**BRIEF**
Output only the lines of the entries that follow, starting at the one with "Image result for Papilloma in Throat" and running down to the one with "Handbook of Orthognathic", both included and unchanged.

**SOURCE RECORDS**
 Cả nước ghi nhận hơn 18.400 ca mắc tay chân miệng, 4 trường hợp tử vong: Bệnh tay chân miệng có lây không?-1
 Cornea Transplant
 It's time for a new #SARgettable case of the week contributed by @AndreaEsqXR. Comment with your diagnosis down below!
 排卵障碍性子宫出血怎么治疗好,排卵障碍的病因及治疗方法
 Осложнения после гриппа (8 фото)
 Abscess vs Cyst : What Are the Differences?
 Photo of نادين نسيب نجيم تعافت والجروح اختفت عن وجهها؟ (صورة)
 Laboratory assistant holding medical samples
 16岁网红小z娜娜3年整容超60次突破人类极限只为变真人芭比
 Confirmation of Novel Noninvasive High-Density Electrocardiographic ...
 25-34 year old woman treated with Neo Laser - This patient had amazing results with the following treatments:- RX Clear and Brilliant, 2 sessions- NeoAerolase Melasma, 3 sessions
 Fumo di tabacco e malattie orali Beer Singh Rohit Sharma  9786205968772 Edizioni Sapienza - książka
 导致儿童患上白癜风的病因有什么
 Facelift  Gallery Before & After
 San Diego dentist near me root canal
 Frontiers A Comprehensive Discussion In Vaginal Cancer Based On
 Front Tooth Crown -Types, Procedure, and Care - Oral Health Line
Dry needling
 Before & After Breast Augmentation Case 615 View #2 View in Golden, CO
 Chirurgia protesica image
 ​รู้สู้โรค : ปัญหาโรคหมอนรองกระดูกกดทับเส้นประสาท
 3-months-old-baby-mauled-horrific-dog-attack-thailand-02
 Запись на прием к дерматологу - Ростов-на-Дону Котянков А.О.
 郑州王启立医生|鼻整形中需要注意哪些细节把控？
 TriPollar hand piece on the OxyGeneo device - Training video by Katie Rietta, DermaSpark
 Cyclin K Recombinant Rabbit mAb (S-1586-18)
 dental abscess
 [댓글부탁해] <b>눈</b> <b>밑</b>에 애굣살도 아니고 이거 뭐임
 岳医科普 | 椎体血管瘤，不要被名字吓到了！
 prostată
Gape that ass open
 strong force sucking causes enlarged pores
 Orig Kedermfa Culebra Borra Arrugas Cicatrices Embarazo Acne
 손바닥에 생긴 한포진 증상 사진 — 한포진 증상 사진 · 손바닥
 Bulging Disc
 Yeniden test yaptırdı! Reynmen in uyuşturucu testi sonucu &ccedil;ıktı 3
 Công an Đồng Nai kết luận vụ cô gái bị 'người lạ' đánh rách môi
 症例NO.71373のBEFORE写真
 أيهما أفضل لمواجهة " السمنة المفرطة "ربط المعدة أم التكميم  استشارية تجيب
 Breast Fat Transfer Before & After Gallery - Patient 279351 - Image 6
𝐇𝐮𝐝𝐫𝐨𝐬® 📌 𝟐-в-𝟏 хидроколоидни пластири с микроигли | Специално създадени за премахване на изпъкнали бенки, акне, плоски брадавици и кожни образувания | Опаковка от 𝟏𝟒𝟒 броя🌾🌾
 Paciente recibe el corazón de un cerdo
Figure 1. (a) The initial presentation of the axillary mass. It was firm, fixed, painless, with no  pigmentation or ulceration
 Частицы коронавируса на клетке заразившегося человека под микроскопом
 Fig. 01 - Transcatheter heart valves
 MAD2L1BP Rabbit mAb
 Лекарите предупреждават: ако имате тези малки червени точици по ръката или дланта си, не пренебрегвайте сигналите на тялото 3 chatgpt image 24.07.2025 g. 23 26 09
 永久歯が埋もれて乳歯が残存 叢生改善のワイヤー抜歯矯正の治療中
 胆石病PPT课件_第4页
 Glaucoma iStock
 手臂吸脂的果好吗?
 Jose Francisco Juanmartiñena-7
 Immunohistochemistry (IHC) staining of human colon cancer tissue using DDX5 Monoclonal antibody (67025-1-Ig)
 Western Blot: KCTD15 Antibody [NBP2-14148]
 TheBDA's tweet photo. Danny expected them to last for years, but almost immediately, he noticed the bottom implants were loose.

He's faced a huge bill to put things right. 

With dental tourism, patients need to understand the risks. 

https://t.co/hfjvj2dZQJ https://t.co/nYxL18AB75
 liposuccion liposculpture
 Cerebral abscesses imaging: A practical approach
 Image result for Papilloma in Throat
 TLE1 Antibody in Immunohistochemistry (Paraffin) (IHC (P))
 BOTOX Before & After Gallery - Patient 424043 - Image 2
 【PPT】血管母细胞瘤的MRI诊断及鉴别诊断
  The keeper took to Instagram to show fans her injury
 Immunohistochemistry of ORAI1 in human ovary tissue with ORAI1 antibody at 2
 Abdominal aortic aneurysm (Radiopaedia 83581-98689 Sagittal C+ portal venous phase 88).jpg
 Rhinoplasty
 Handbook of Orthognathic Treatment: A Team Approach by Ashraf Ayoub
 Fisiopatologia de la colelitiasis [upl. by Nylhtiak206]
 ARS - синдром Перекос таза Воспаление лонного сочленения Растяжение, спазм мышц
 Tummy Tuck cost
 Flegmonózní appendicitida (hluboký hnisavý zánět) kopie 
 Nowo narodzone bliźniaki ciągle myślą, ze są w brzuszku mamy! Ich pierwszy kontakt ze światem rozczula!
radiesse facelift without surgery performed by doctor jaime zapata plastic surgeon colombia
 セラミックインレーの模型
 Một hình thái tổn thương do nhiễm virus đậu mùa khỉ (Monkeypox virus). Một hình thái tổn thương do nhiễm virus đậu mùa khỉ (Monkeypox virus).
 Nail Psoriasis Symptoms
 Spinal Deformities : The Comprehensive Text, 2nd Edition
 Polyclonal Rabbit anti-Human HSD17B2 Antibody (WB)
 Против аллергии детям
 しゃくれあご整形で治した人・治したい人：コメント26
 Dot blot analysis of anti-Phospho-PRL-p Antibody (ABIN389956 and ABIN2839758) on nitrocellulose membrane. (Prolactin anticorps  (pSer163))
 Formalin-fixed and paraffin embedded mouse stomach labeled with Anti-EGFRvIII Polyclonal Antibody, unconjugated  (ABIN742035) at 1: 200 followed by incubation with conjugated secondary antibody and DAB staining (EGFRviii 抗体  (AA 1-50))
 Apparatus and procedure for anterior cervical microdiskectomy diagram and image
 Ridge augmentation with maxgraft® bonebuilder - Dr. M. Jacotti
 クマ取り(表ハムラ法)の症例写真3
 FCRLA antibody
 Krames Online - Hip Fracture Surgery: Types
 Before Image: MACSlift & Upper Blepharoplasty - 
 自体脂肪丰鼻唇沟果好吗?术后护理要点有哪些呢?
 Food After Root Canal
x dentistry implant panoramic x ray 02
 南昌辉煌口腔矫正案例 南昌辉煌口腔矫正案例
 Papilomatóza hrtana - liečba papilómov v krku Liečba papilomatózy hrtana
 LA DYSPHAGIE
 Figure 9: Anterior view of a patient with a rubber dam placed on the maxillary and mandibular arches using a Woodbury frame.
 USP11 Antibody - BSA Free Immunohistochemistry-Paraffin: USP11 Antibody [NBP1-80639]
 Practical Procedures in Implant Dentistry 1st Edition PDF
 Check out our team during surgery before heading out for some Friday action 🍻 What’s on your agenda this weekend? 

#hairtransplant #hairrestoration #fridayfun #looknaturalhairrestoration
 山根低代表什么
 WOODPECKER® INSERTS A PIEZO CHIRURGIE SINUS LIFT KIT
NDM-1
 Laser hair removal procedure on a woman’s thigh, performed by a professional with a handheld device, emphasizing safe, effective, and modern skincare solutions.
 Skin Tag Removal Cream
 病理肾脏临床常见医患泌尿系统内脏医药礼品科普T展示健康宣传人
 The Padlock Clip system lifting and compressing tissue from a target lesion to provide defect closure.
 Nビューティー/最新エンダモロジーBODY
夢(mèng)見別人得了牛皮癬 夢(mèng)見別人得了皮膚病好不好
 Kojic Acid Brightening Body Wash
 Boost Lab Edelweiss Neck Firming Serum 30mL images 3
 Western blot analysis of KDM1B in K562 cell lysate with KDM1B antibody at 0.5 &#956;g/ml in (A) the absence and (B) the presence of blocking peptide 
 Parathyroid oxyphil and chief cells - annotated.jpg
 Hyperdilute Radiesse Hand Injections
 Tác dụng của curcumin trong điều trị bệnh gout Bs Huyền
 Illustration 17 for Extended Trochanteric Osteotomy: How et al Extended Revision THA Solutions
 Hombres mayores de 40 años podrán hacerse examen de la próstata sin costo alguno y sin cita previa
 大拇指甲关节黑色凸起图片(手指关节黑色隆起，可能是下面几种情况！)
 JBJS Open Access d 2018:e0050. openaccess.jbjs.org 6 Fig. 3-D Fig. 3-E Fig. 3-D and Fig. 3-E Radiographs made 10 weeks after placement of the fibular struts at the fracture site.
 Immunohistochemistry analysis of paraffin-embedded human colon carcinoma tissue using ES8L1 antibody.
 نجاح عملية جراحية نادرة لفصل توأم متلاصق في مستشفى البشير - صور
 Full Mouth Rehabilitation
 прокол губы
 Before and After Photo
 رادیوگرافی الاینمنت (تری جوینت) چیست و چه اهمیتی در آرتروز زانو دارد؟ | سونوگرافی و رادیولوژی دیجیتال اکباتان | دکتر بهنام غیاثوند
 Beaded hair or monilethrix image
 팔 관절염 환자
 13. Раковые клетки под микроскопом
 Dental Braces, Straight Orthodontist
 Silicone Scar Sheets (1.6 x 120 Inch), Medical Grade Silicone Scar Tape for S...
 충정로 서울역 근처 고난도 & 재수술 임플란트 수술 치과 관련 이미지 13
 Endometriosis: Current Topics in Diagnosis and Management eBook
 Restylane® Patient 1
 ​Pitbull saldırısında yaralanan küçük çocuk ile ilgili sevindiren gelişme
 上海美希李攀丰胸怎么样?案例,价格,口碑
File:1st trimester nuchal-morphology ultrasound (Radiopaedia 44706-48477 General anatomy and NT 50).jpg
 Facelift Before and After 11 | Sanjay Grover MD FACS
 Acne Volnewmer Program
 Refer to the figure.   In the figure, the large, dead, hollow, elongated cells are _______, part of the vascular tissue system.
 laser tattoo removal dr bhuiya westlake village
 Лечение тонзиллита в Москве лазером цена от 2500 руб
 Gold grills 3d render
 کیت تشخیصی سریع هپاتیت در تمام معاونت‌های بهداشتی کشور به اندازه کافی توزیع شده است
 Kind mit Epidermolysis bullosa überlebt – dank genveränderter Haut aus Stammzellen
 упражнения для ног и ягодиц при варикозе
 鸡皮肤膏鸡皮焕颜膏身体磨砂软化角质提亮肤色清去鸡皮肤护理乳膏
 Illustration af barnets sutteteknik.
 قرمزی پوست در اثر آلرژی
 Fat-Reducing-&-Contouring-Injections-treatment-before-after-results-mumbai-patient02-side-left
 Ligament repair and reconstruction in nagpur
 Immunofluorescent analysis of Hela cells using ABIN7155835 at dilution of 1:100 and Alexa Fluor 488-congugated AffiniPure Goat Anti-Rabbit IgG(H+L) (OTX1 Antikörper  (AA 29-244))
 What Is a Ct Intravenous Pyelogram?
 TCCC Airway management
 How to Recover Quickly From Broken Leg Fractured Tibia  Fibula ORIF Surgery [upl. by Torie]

**EXPECTED ANSWER**
 Image result for Papilloma in Throat
 TLE1 Antibody in Immunohistochemistry (Paraffin) (IHC (P))
 BOTOX Before & After Gallery - Patient 424043 - Image 2
 【PPT】血管母细胞瘤的MRI诊断及鉴别诊断
  The keeper took to Instagram to show fans her injury
 Immunohistochemistry of ORAI1 in human ovary tissue with ORAI1 antibody at 2
 Abdominal aortic aneurysm (Radiopaedia 83581-98689 Sagittal C+ portal venous phase 88).jpg
 Rhinoplasty
 Handbook of Orthognathic Treatment: A Team Approach by Ashraf Ayoub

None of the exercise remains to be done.